### Input material

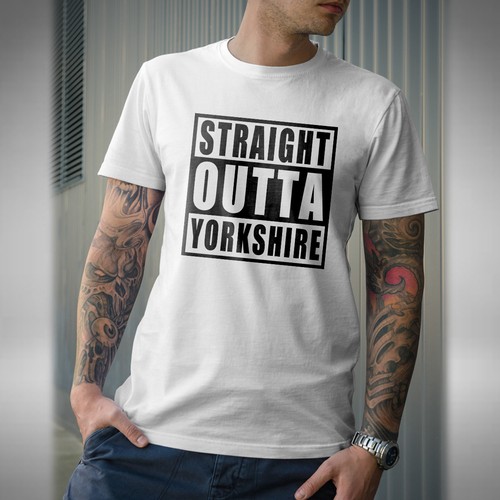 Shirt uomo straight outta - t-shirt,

...

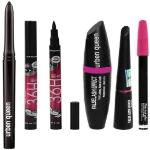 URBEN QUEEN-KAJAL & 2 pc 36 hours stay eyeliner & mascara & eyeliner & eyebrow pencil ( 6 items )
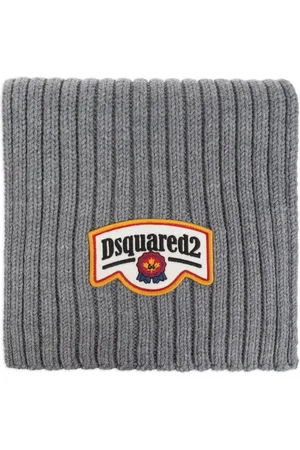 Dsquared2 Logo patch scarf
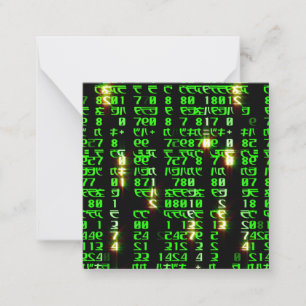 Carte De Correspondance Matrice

### About this exercise
Give again, exactly as written above, every line from the one holding "URBEN QUEEN-KAJAL &" to the one holding "Carte De Correspondance Matrice", with both ends kept and the pictures left out.

### Response to this task
 URBEN QUEEN-KAJAL & 2 pc 36 hours stay eyeliner & mascara & eyeliner & eyebrow pencil ( 6 items )
 Dsquared2 Logo patch scarf
 Carte De Correspondance Matrice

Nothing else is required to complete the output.